We know the centripetal force $F_c$ had magnitude $m\omega^2r$. But let's try to write it in vector form.

First of all,since it is directed along the radius,the unit vector in radial direction in this case is $-\hat{\boldsymbol{r}}$. And since the magnitude is $m\omega^2r$,we finally get $$\vec{\mathrm{F_c}}=-\mathrm{m}\mathrm{\omega}^2\mathrm{r}\hat{\boldsymbol{r}}=-\mathrm{m}\frac{v^2}{r^2}\vec{\mathrm{r}}.$$

But this is not how it us done in the books. According to them,$$\vec{\mathrm{F_c}}=-\mathrm{m}\frac{v^2}{r^3}\vec{\mathrm{r}}.$$

I don't understand how they got it,the one i did seems to be completely fine to me. Could anyone tell me the mistake i made?

Answer 1

In times of doubt it is nice to have a simple example on which we can rely. Start with uniform circular motion: \begin{align} \vec r&=r(\cos(\omega t),\sin(\omega t))\\ \vec v&=r\omega(-\sin(\omega t),\cos(\omega t))\\ \vec a&=-r\omega^2(\cos(\omega t),\sin(\omega t)) \end{align} From the second formula we can derive $v=r\omega\implies\omega=\frac{v}r$. We can write the last formula as $\vec a=-\omega^2\vec r$. Combining these two gives \begin{align} \vec a&=-\frac{v^2}{r^2}\vec r\\ \vec F_C&=-\frac{mv^2}{r^2}\vec r \end{align}

Answer 2

The formula given in the book is obviously wrong, and the dimensions it-self are incorrect. You are not wrong, the book is.

Answer 3

The vector form is $$ \vec{F} = m \left( \vec{\omega} \times (\vec{\omega} \times \vec{r}) \right) \tag{1}$$

where $m$ is the mass of the object, $\vec{r}$ is the position of the center of mass relative to the axis of rotation, and $\vec{\omega}$ is rotational (orbital) velocity of the body.

This is derived from the velocity of the center of mass when rotating about a fixed axis

$$ \vec{v} = \vec{\omega} \times \vec{r} \tag{2}$$

where $\times$ is the vector cross product.
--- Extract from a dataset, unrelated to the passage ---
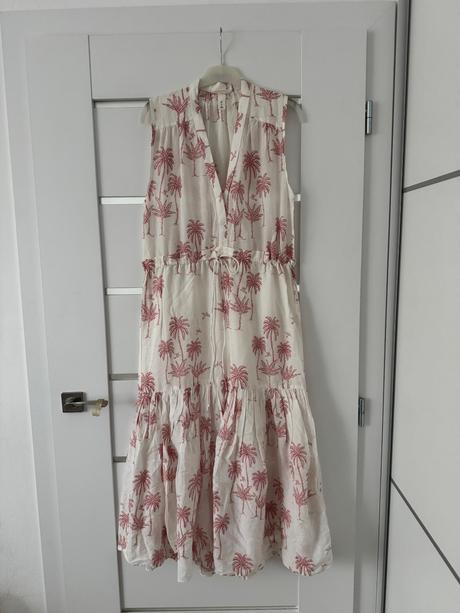 Letne palmove šaty, h&m,xs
In a rotating frame, the cross product provides the changes in a vector due to the rotation of the local directions.

Then the change in velocity (acceleration vector) which is derived from the time derivative of velocity is

$$ \vec{a} = \vec{\omega} \times \vec{v} = \vec{\omega} \times ( \vec{\omega} \times \vec{r}) \tag{3}$$

Finally, the force required to provide this acceleration is $\vec{F} = m \vec{a}$ and hence (1).

Answer 4

Here, $\hat{\mathbf{r}}$ is a unit vector in radial direction whereas, $\vec{\mathbf{r}}$ is a position vector.

Also, $\vec{\mathbf{r}} = |\vec{\mathbf{r}}|\hat{\mathbf{r}}$.

This implies, $\vec{F} = -\frac{mv^2}{r^3}\vec{\mathbf{r}} = -\frac{mv^2}{r^3}|\vec{\mathbf{r}}|\hat{\mathbf{r}} = -\frac{mv^2}{r^2}\hat{\mathbf{r}} $.

The mistake you did is change $\hat{\mathbf{r}}$ to $\vec{\mathbf{r}}$ in your first equation.